Robot androide peur

Les robots vous font-ils peur ?

Une fois n’est pas coutume je vais vous parler de moi, ou plutôt de mon petit-fils.

Il a 15 ans.

Depuis 3 ans, il passe tout son temps libre à son club de robotique. Au début il a fabriqué une plateforme à roulette qui transporte un Smartphone d’un bout à l’autre de la table, lorsqu’il se met à sonner. Pour les gens qui ont du mal à se déplacer c’était plutôt bien vu.

Maintenant, il passe le plus clair de son temps à fabriquer un robot capable de se saisir d’une boite, de la pousser, de la soulever, de la poser sur un plateau. Et pourquoi faire ?
et bien pour participer à une compétition internationale, un jeu d’équipe organisé par FIRST (For Inspiration and Recognition of Science and Technology, Huston, USA).

Ça n'a l’air de rien, mais avec son équipe (une vingtaine de garçons et filles de 15 à 17 ans) il vont devoir imaginer, designer, construire, faire des réglages et adopter une stratégie de jeu, en équipe.

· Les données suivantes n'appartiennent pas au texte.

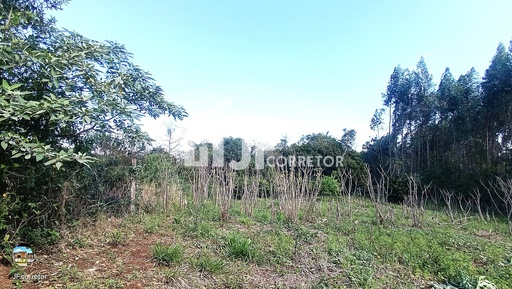 Chácara de 7000m² no bairro Macaco branco , em Portão | Eu Corretor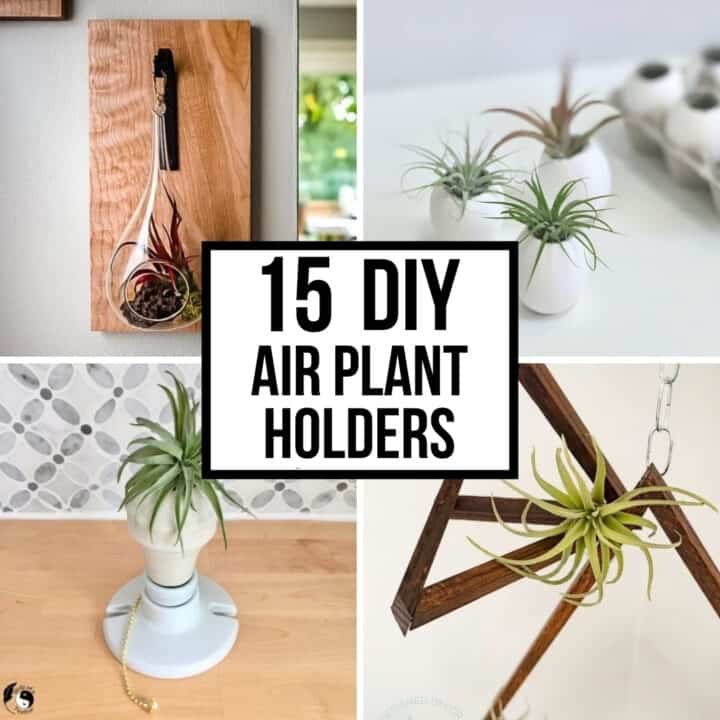 collage of DIY air plant holder ideas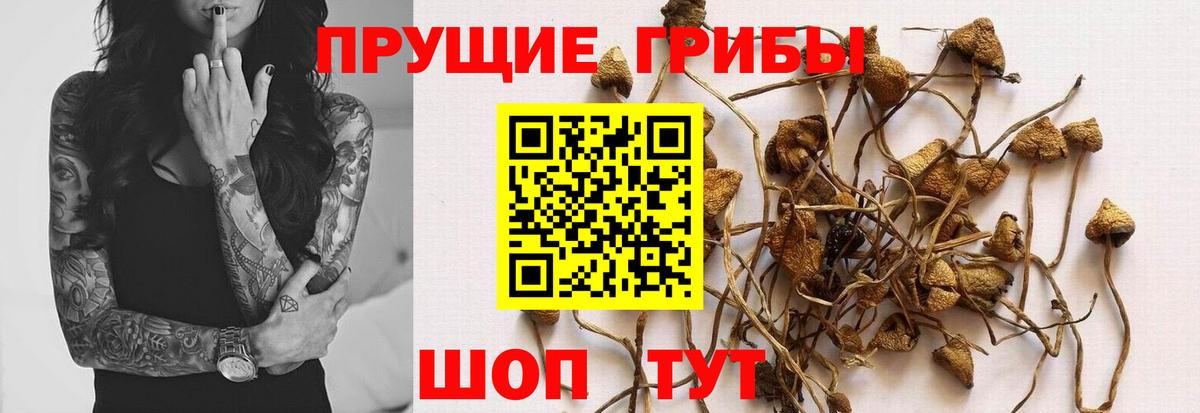 Галлюциногенные грибы ЛСД  купить наркотики сайты  Псилоцибиновые грибы мухоморы  Дагестанские Огни  Вход с VPN 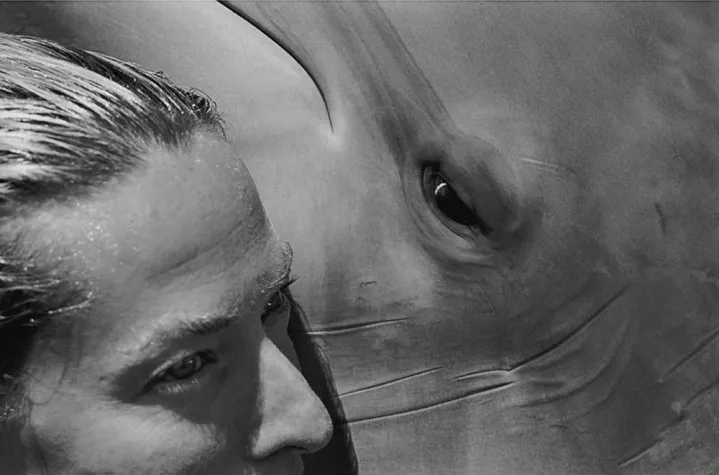 Bild: Homage to Creation - Earth and Ocean / The Elephant Man and Dolphins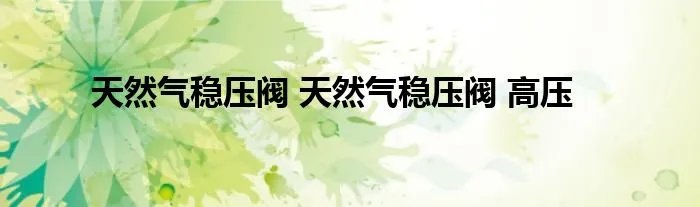 天然气稳压阀 天然气稳压阀 高压
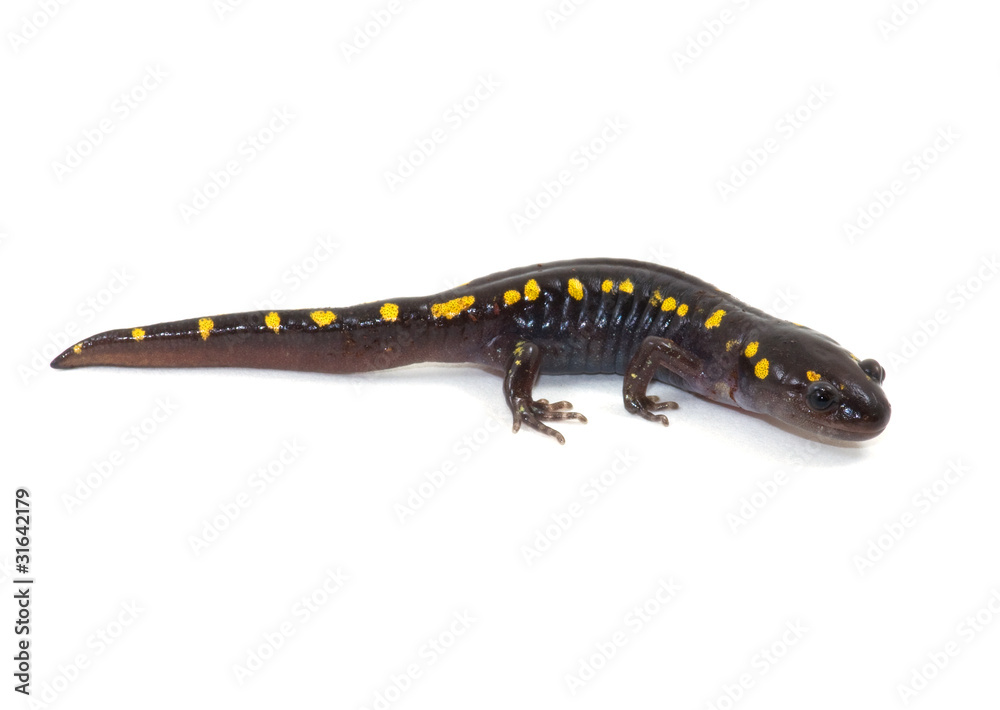 Naklejka premium Spotted Salamander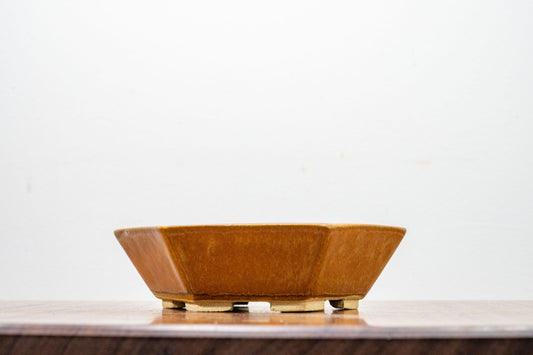 Topaz- DEEP Hexagon Bonsai Dish 16cm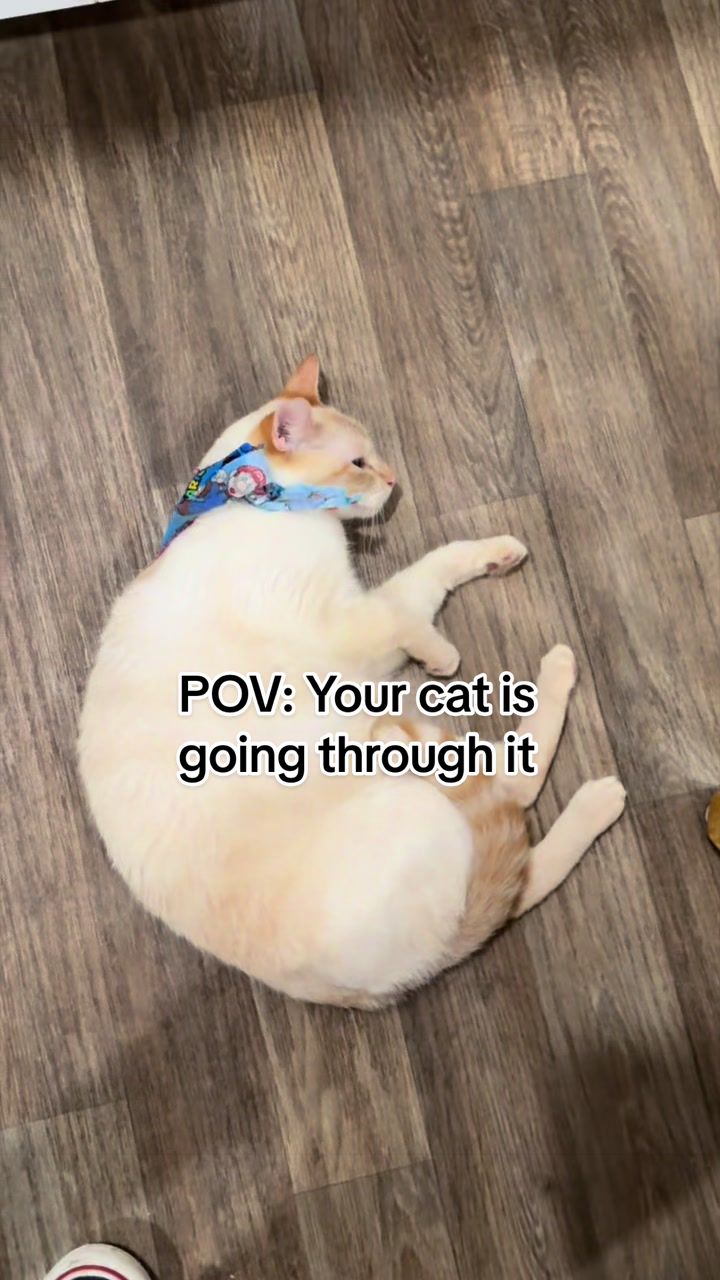 @whatthepurr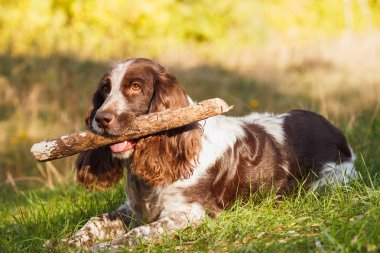 Ormanda Rus İspanyol kahverengi benekli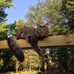 Profile Picture of Linda Mattie Dickson (@linda.dickson.7798) on Facebook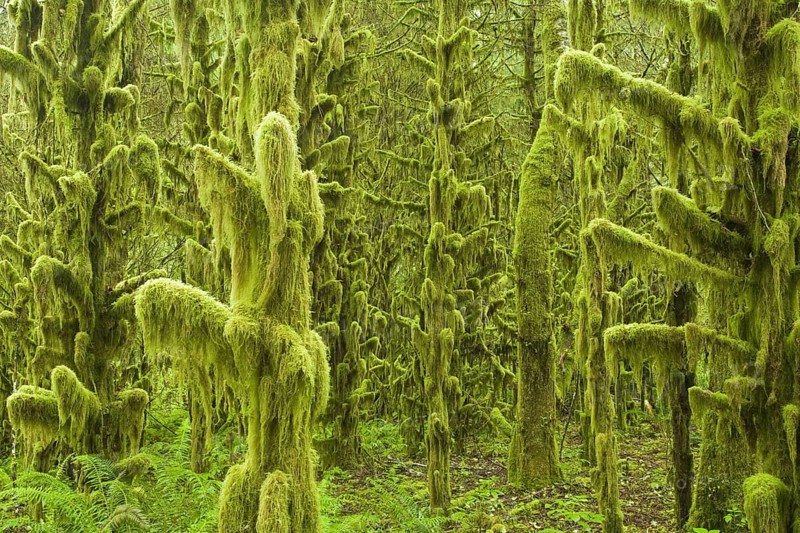 Moss-covered trees in old-growth temperate rainforest habitat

Leur robot est commandé par Smartphone… grâce à un programme compliqué conçu par l'équipe. Le capitaine de l’équipe, qui sera aux manettes, a une lourde responsabilité mais il est préparé et soutenu par les autres membres de l’équipe. Enorme travail de conception ergonomique et électronique.

Le robot ressemble à une sorte de boite montée sur roulettes sur la quelle est fixé un plateau, à l’horizontale. Il est fait en bois, avec des parties métalliques, de l’électronique et beaucoup, beaucoup de créativité.

Les robots forment la jeunesse ?

C’est aussi un projet très formateur sur le plan des connaissances scientifiques, des savoir-faire, du travail en équipe et du management de projet. Il y a plus de 2600 équipes aux USA. Normal. 206 au Canada, 62 en Israël, 3 aux Pays-bas et… 2 en France…

Les petits voiliers télécommandés du jardin des Tuileries étaient plus sympathiques à regarder que le robot de mon petit-fils mais ils savaient faire moins de choses.

Pourtant, les robots, ça fait souvent peur.

Regardez Kasparov, ce grand joueur d’échec. Il a perdu devant un ordinateur ! Signe que les robots un jour dirigeront le monde ?

C’est aller un peu vite en besogne que de penser cela. Ne croyez-vous pas ?

Avant d’y réfléchir ensemble, je vous propose de passer en revue les bonnes raisons qu’ont certaines personnes d’avoir peur.

Peur des araignées ? Non, des robots !

Ils arrivent, maman, j’ai peur !

Tout le monde est d’accord pour dire que les robots vont nous rendre beaucoup de services, dans le domaine de la santé, de l’éducation, du tourisme, de la compagnie pour les personnes âgées, et ainsi de suite. Mais, beaucoup pensent qu’ils vont aussi poser des tas de problèmes auxquels nous n’avons pas pensé et que nous ne saurons pas résoudre.

Un monde sans âme

A partir de là, ils croient que les humains seront remplacés par des robots, que notre monde sera déshumanisé. Quelle angoisse pour nous autres, faits de chair et d’os. Notre monde n’aura plus d’âme…

Les roboticiens (ces gens maléfiques et malintentionnés ? ) vont-ils finir par fabriquer des robots plus intelligents que l’Homme ? Pas très rassurant ! L’intelligence artificielle sera-t-elle un jour supérieure à l’intelligence humaine ? Bigre !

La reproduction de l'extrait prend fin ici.